This is part three in a three-part series on the history of European settlers to Qualicum Beach. Beverly Brendon is a local guide with family roots in the community who offers historical walking tours of the town. She is passionate about local history and has gone to great lengths to research the town’s foundations.
This series focuses on the stories of European settlers to the region, as Brendon believes that the stories of First Nations peoples are not hers to tell. Part two of the series focused on the role of volunteers in several Qualicum Beach institutions and the fun of the Log Cabin dances.
When you walk around in Qualicum Beach, how do you see the history of the town reflected in its streets?

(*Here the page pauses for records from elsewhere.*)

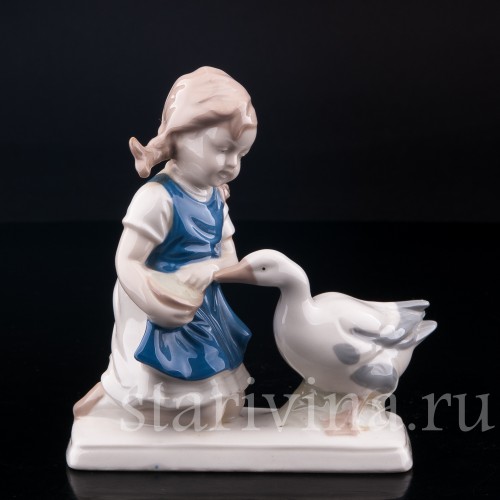 Фарфорвая статуэтка Девочка с уткой, Grafenthal, Германия, до 1991 г.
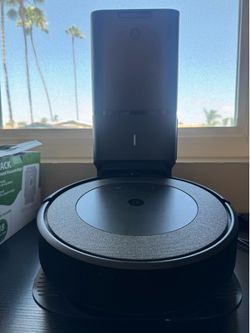 Roomba i3 Robot Vacuum
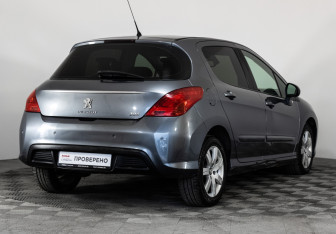 Подержанный автомобиль Peugeot 308 Hatchback 2011 года (5 фото)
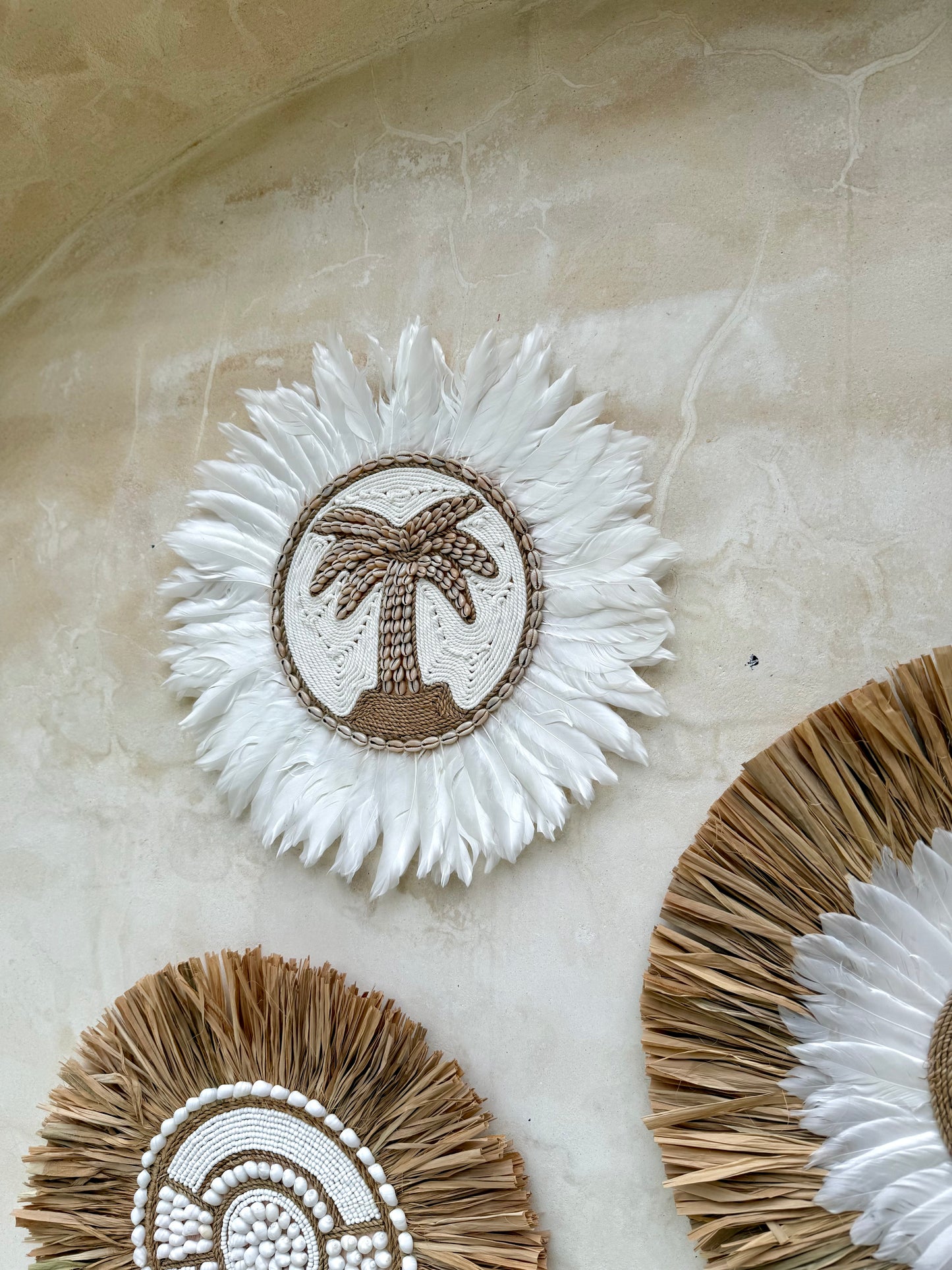 Décoration murale ronde palmier et plumes blanches – création artisanale bohème de Bali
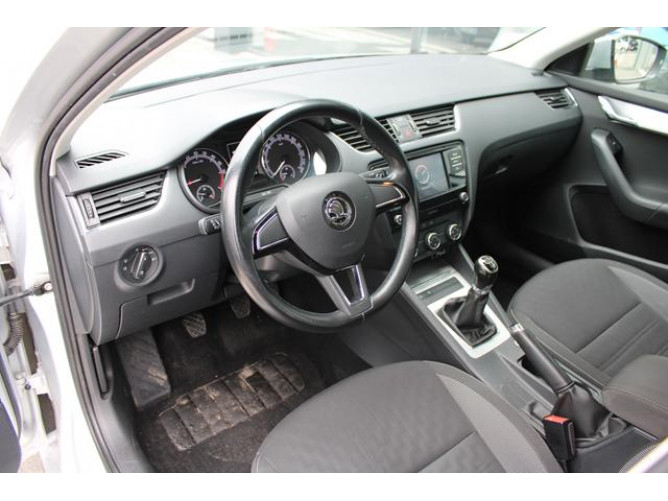Škoda Octavia 1.6 TDI AMBITION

“Working on this tour does add another dimension to my environment altogether. I can’t tell you the number of times I walked by the Oceanside Pizza. Even when it was called the Sawmill Restaurant, I just thought ‘old building,’ and walked by,” said Brendon.
“Then when I found out that building was actually built in 1913, and that it was billiard hall down below, and a boarding house up above, and that it was the gathering place for all the sawyers and loggers. It was wild, and rambunctious. Every time I walk past it now, I look at it in a new way.
If you look at the old floors there, you can tell that it’s a really old building… They’ve been walked on so much, they’ve got that high sheen to them. It’s been many things, that particular location,” said Brendon.
The building Brendon mentioned was first a billiard hall, then a general store.
It’s also been a taxi stand, a beauty salon and an Edelweiss restaurant in the 1980s.
“Just knowing the history of places really does give me a new perspective,” said Brendon.
What do you see for the future of Qualicum Beach?
“I think that eventually there’s going to have to be more in the way of multi-unit dwellings… I just think that real estate being the way it is now, it’s such a desirable place to live. The [town] is becoming more and more unaffordable. I don’t see it becoming citified … but I think that sort of a multi-unit building will take the place of a lot of the single family.”
“I also think that whoever is in charge will do what they can to preserve heritage buildings and sites. I do believe that they will do that. Because people come here for a reason. They like that it’s small. They like that it has some sort of that old small town feel to it…. But at the same time, acknowledge that times are changing, and in order for a town to remain viable, it has to keep up with the times. And part of that is taking a really hard look at housing, and changing the zoning, whatever has to be done,” said Brendon.
Why is it important to know and share this history?
To Brendon, history adds another dimension.
“I think it gives people a certain perspective on their own lives, to know that they’re part of a continuum. I also think that learning [things like] the efforts of the volunteers, it makes people appreciate their environment more,” said Brendon.
“People like it because it explains things for them. They might have heard of the hermit of Qualicum Beach, but they never really knew much about him… it brings the past to life. People see these things, and there’s a curiosity there, and the tour answers those questions for them,” she said.
“Also, I think it’s just fun to hear about the way things used to be, because it’s so different now. Through the stories that I tell, I hope to place the pioneers that people have heard about in their settings.”